**WORK REQUEST**
From the records below, transcribe exactly the lines that begin at the line with "Gucci Shoulder Bag GG Marmont Leather Black" and end at the line with "Woman Ring 3d Pring Model 3D print model_5", both included.

**MATERIAL FOR THE TASK**
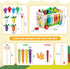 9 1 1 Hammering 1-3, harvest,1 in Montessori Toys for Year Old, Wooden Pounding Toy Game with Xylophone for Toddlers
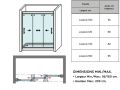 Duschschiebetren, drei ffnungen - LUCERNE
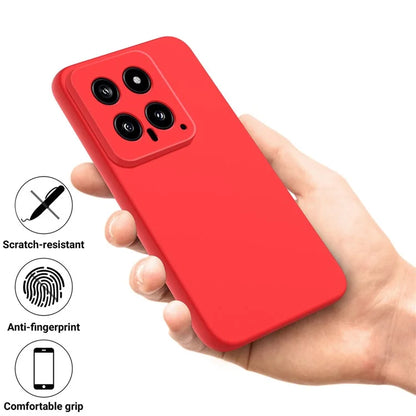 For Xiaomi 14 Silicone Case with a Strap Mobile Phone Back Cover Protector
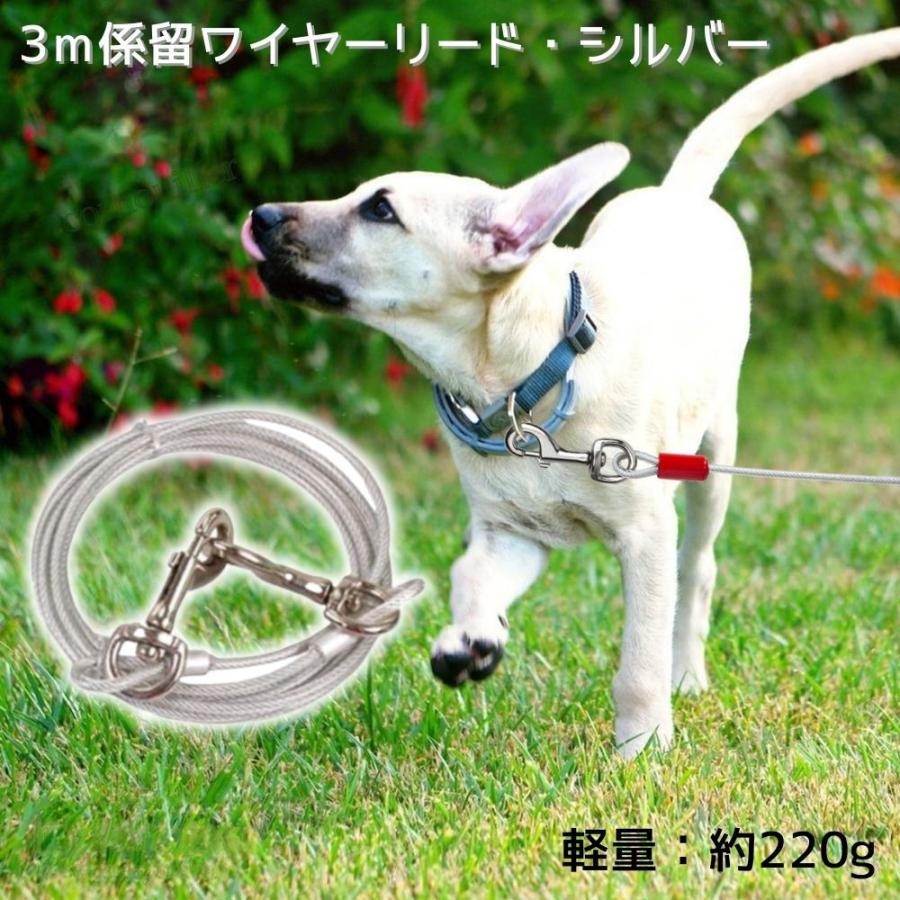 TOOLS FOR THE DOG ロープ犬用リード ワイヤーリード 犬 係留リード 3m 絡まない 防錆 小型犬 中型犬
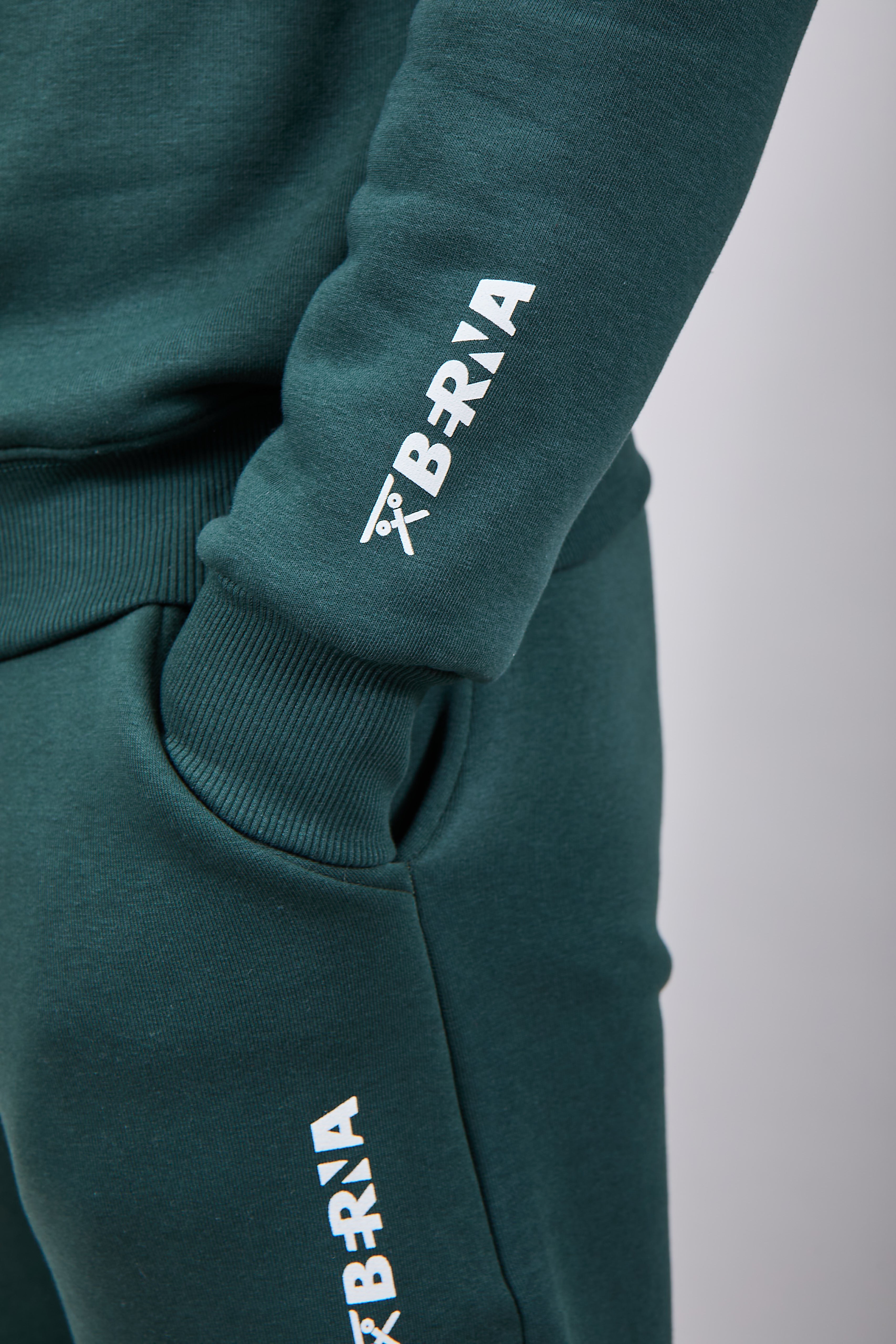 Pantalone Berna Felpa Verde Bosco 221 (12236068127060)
* * *
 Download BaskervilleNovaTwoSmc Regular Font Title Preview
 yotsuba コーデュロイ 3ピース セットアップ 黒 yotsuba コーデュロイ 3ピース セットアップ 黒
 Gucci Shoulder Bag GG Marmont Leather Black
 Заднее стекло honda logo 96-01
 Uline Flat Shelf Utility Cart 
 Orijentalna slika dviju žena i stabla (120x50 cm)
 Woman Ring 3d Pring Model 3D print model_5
==
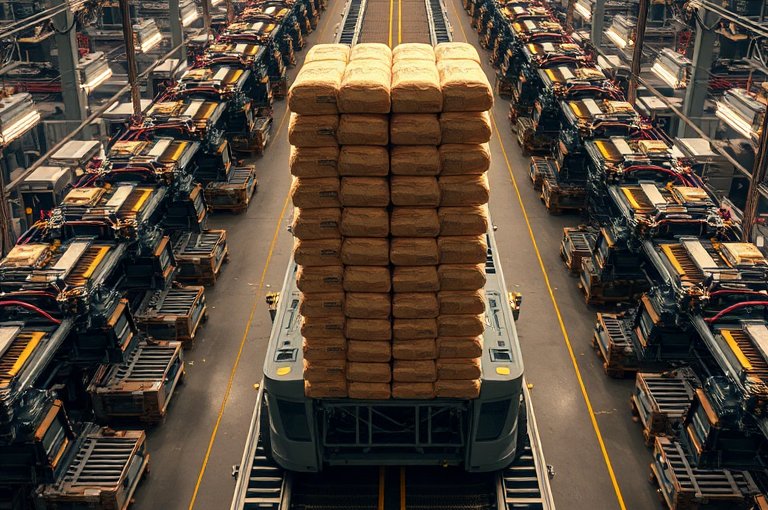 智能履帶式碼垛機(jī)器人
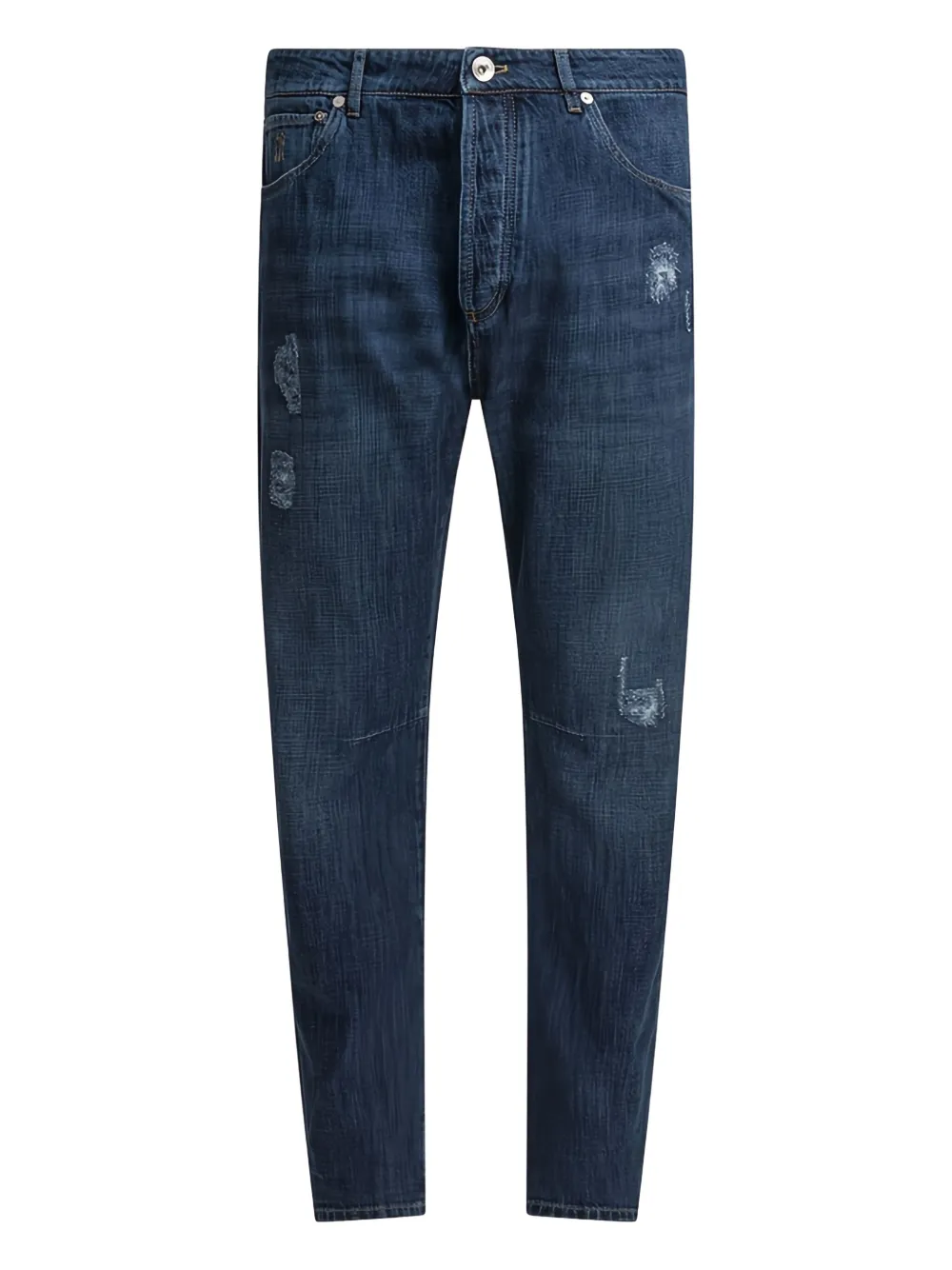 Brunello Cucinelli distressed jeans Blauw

**WRITTEN SOLUTION**
 Gucci Shoulder Bag GG Marmont Leather Black
 Заднее стекло honda logo 96-01
 Uline Flat Shelf Utility Cart 
 Orijentalna slika dviju žena i stabla (120x50 cm)
 Woman Ring 3d Pring Model 3D print model_5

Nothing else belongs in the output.